WHAT TO DO:
With pictures excluded, copy word for word the lines in the data below from the line containing "Places Between Live In Dublin album cover" through the line containing "DurhamCountyWI's tweet photo.".

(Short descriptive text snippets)
※ ※ ※
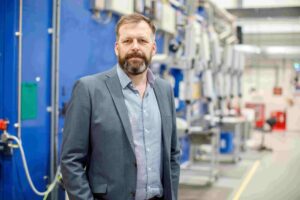 Barry Ward, Head of Materials Research Facility, UKAEA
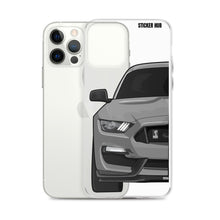 Load image into Gallery viewer, Gray Mustang GT350 - iPhone Case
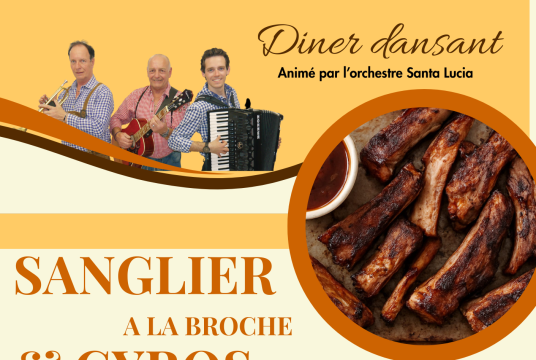 Dîner Dansant – Soirée Sanglier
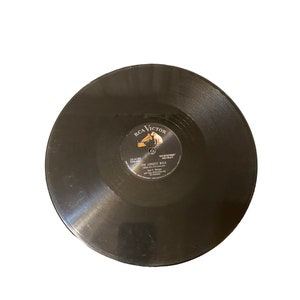 Vintage vinyl record RCA victor the longest walk Swanee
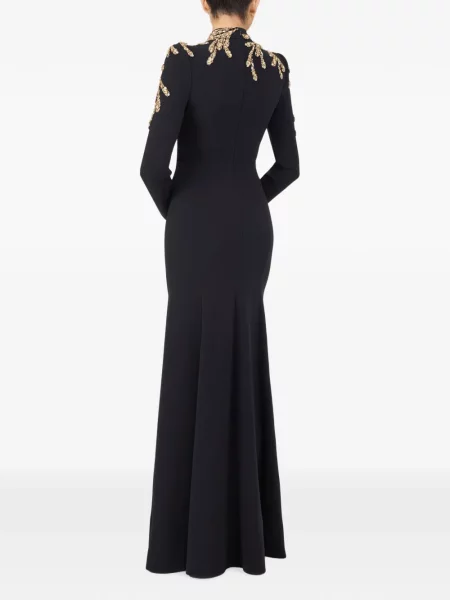 Rochie maxi Jenny Packham negru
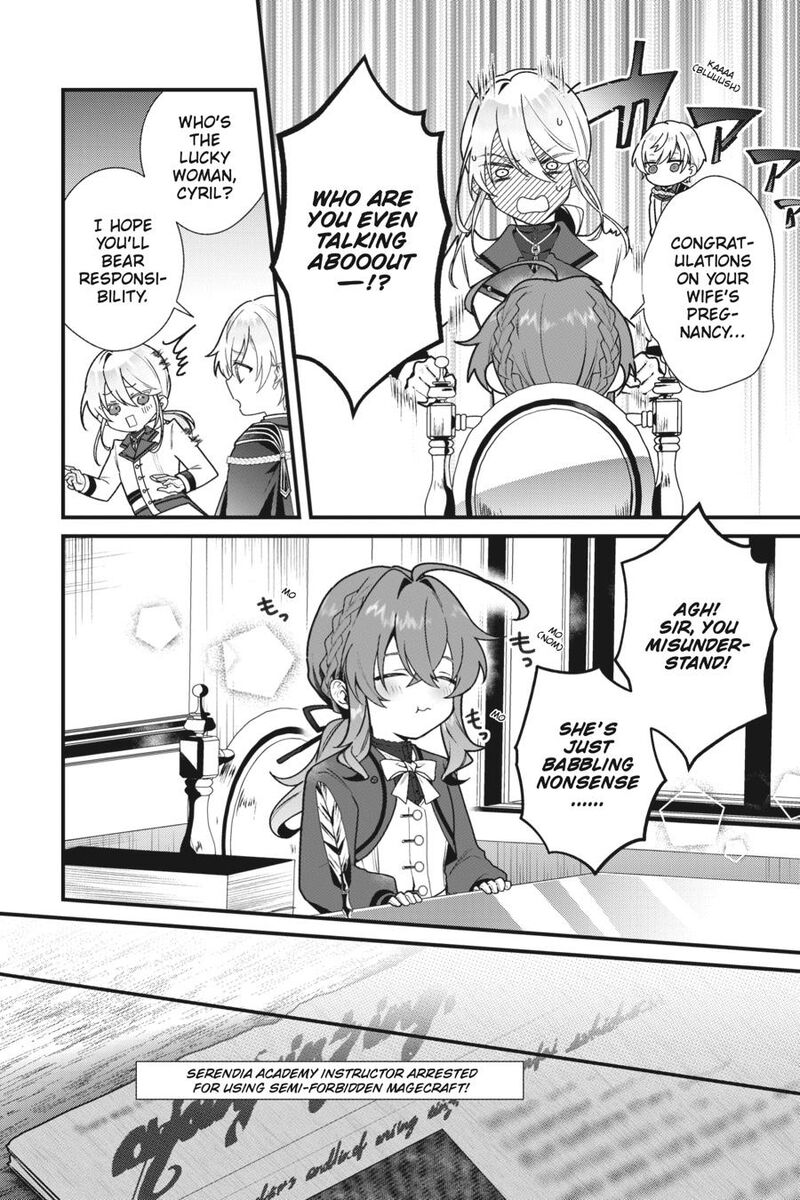 Silent Witch Chinmoku No Majo No Kakushigoto Chapter 10 Page 10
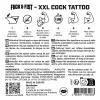 Ideiglenes Tetoválás XXL Felirat 9 x 5 cm lila színben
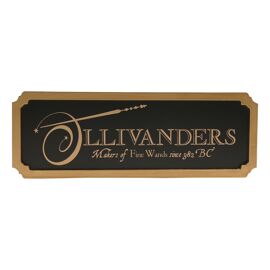 Warner Bros Harry Potter Alumni Shop Sign Ollivanders
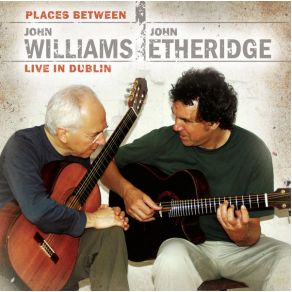 Places Between Live In Dublin album cover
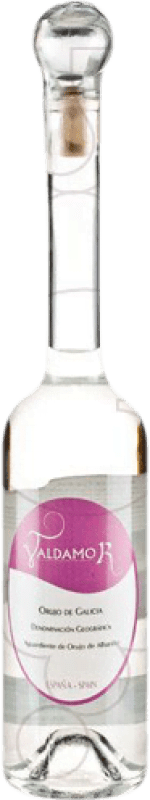 Envío gratis | Orujo Aguardiente Valdamor España Botella Medium 50 cl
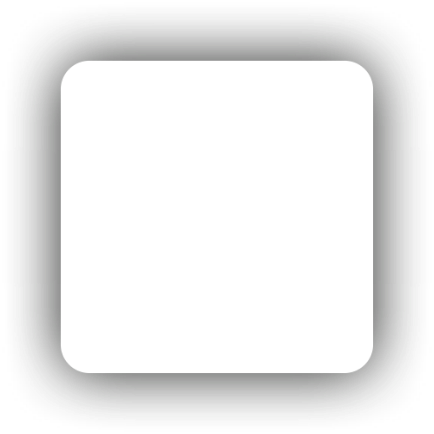 Close-up of a black smartwatch with a blank white screen.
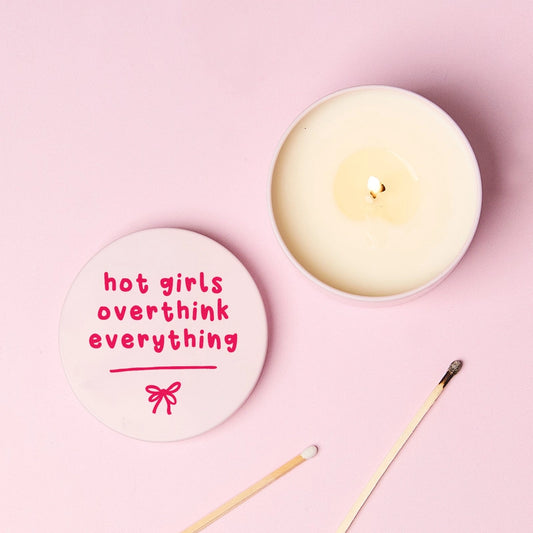 Candela Hot Girls Overthink Everything Pink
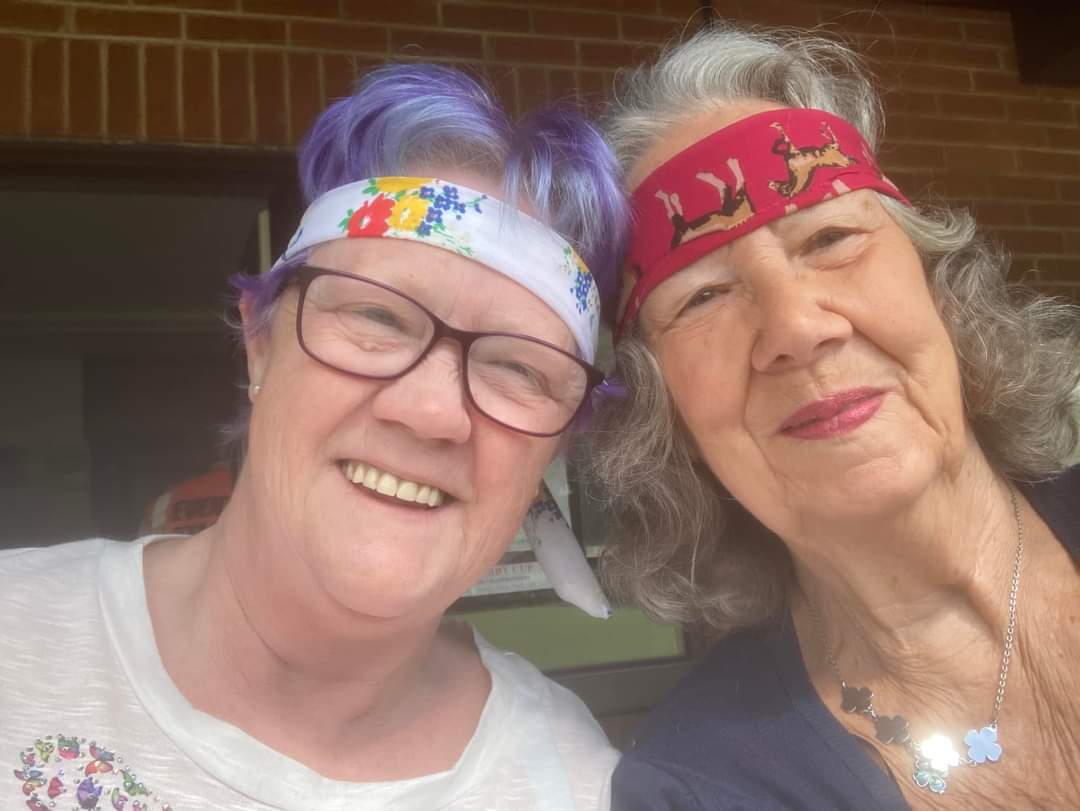 DurhamCountyWI's tweet photo. Ready to make bandanas at Spennymoor Gala https://t.co/tmUOmb2gMV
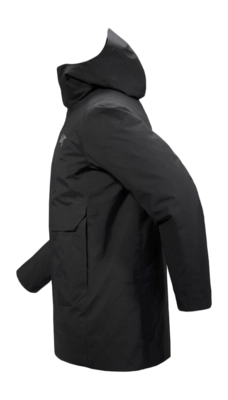 F25-X000009914-Therme-Down-Parka-Black-Profile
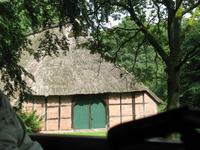 Scheune in der Heide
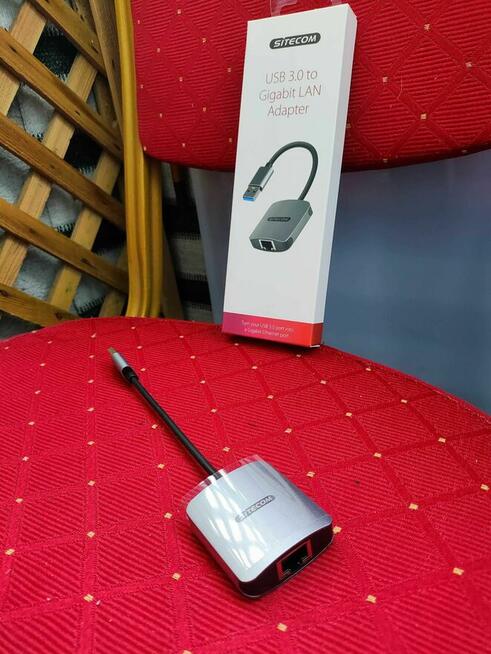 Karta sieciowa Adapter USB 3.0 A Ethernet RJ45 Gigabit LAN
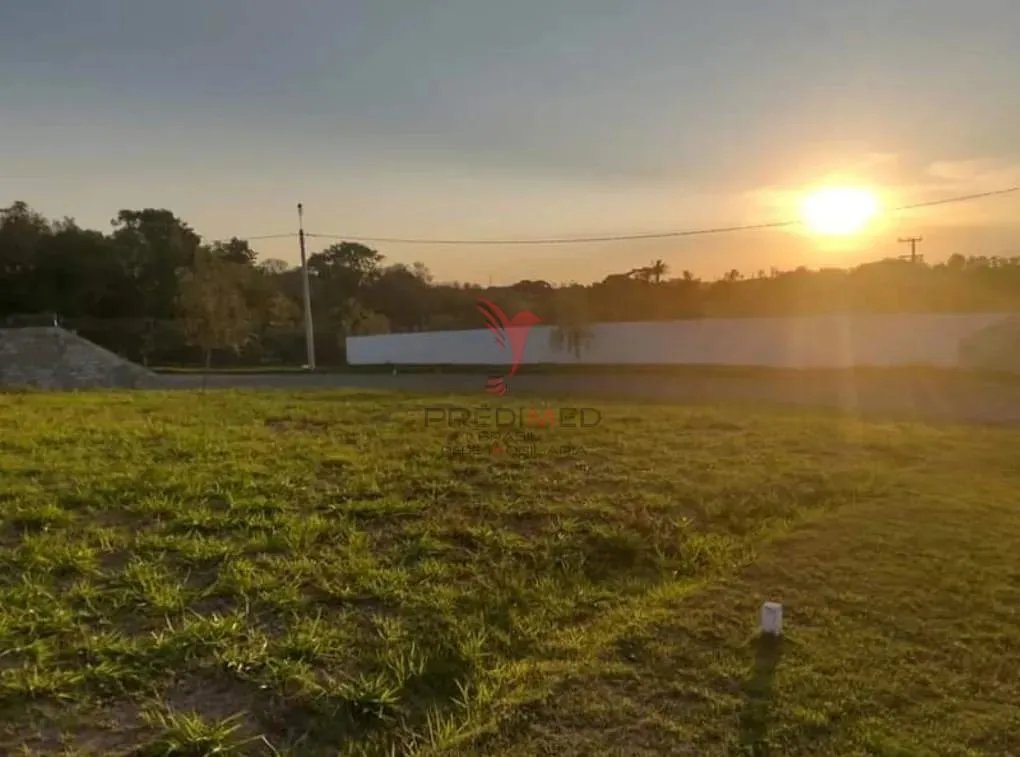Imagem Lote plano, de esquina, a venda no Condominio Garden Ville em Itu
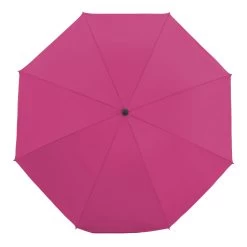 Doppler Beach-Sonnenschirm 'Como', Pink, Ø Ca. 160 Cm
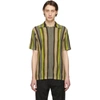 CMMN SWDN CMMN SWDN GREEN KNITTED WES SHIRT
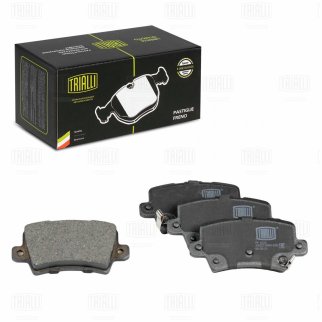 Колодки тормозные задние дисковые к-кт TRIALLI PF 4033 фото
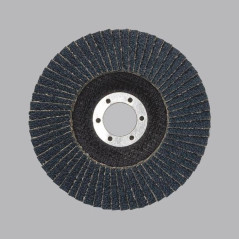Disque à Lamelles 125 mm – Grain 120 – Idéal pour Meulage et Finition - RIBIMEX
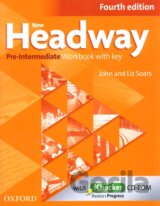New Headway - Pre-Intermediate - Workbook  with key (Fourth edition)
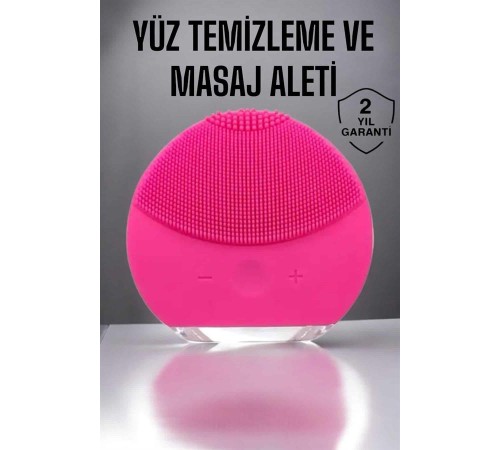 Profesyonel Yüz Temizleme Masaj Aleti Su Geçirmez, Kablosuz Şarj Özellikli Kolay Temizlenebilir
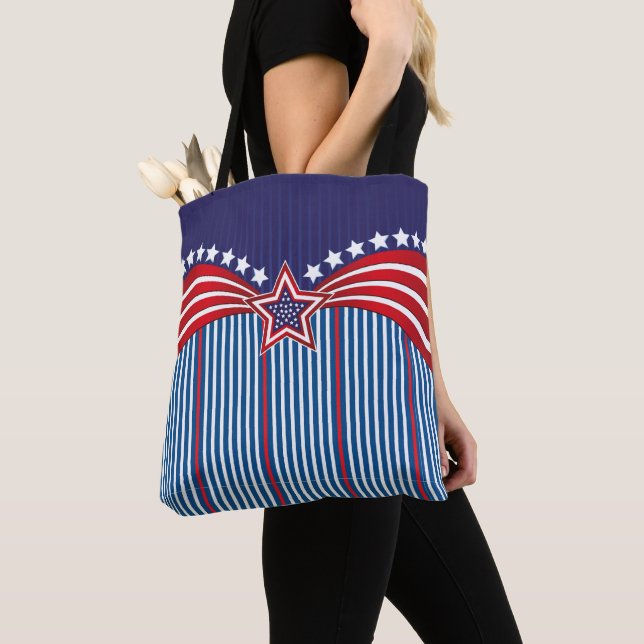 Bolsa Tote Patriotic  (Close Up)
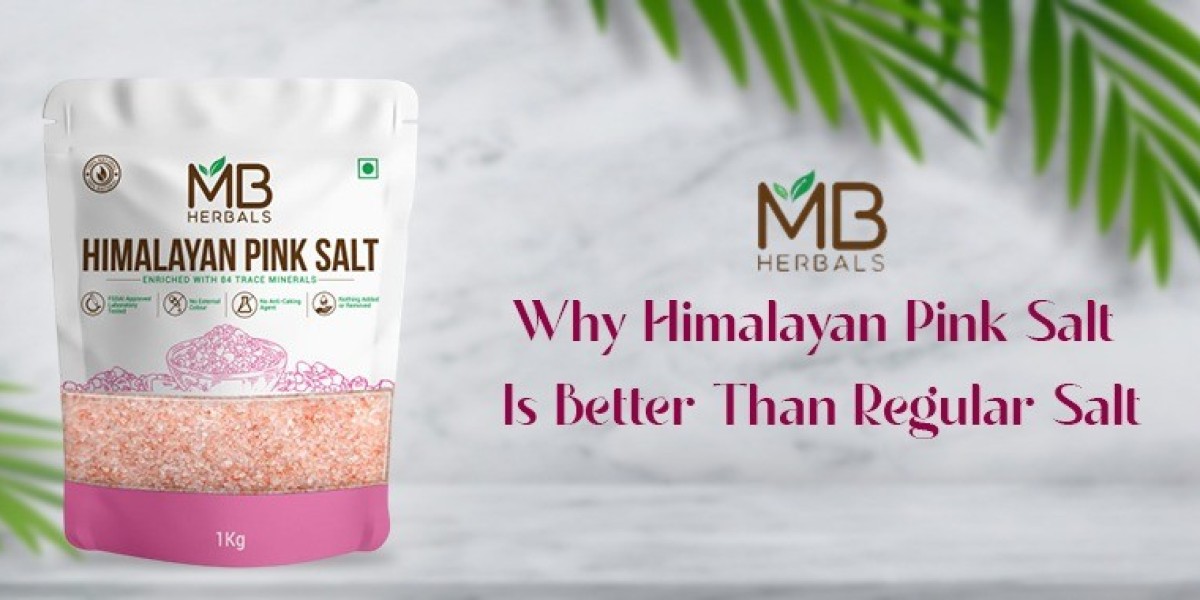 Why Himalayan Pink Salt Is Better Than Regular Salt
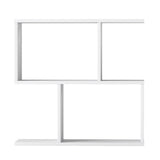 Levede Slim 2 Tier Narrow Side Table Bedside Nightstand-2006732787310268417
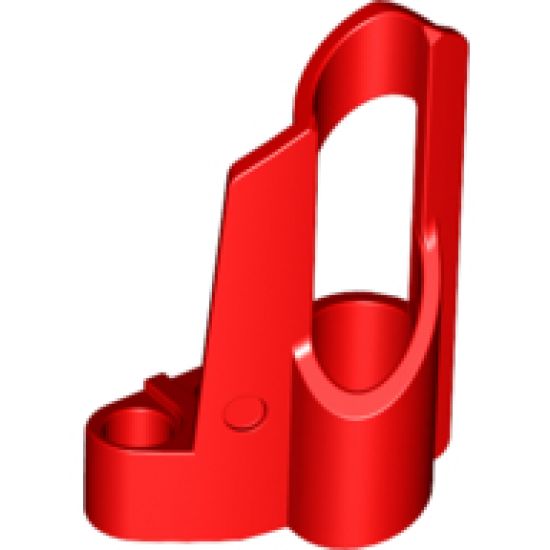 Technic, Panel Fairing # 6 Small Short, Large Hole, Side B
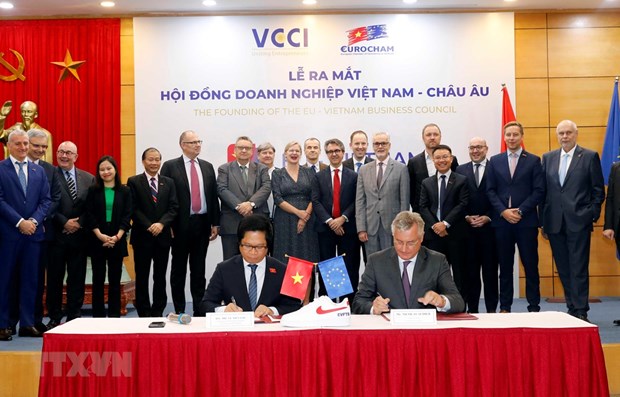 eu vietnam business council debuts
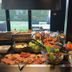 Campanile Conflans-Sainte-Honorine breakfast buffet with pastries, fruit, salads and cold cuts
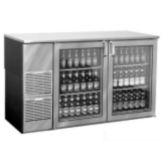 Two-Door Self-Contained Back Bar Cooler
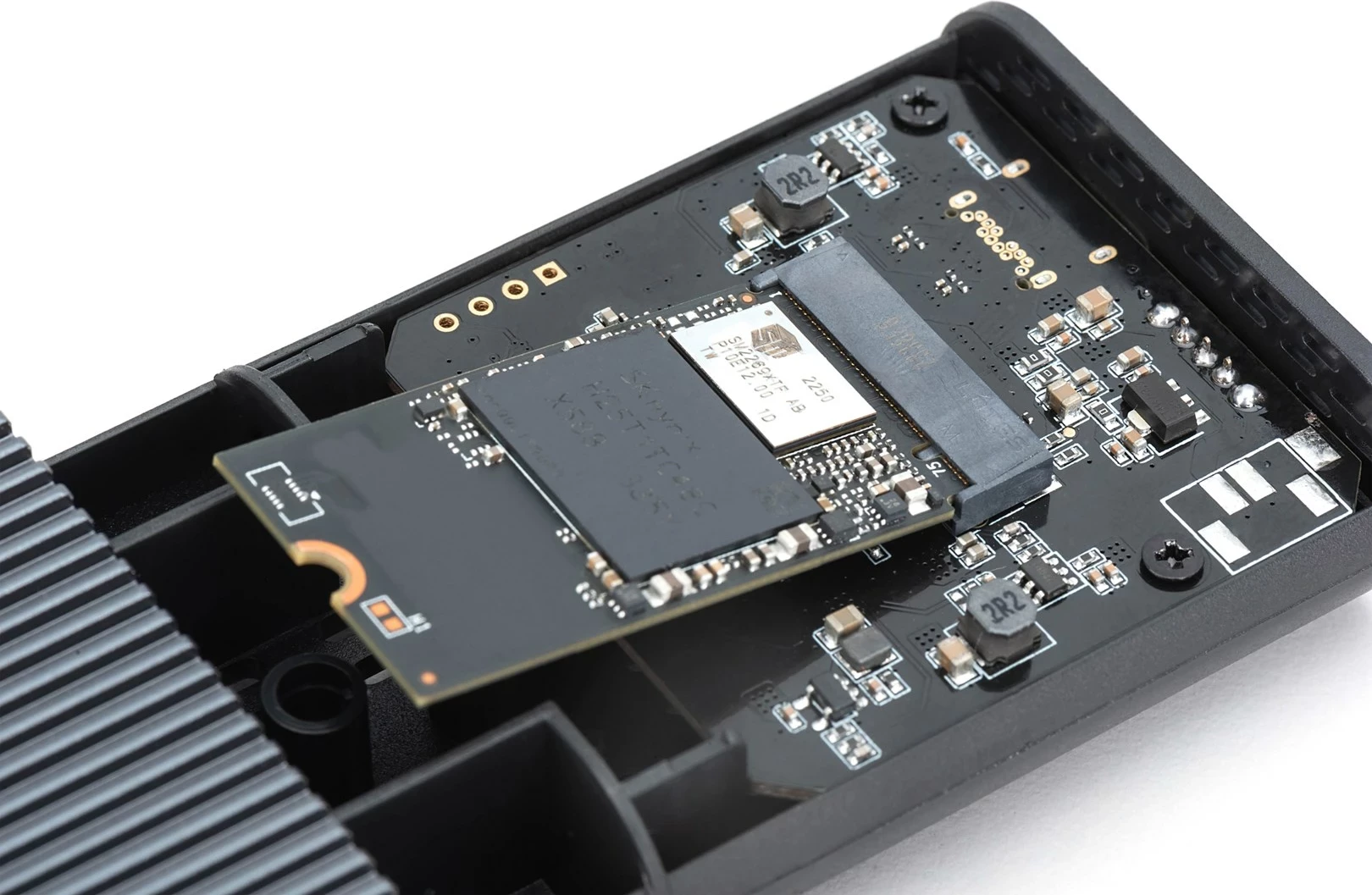 Kasë SSD e jashtme Digitus, NVMe, 40Gbps, USB 4.0, hiri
※ ※ ※
SOLUTION TO THIS EXERCISE:
 Places Between Live In Dublin album cover
 Envío gratis | Orujo Aguardiente Valdamor España Botella Medium 50 cl
 Close-up of a black smartwatch with a blank white screen.
 Candela Hot Girls Overthink Everything Pink
 DurhamCountyWI's tweet photo. Ready to make bandanas at Spennymoor Gala https://t.co/tmUOmb2gMV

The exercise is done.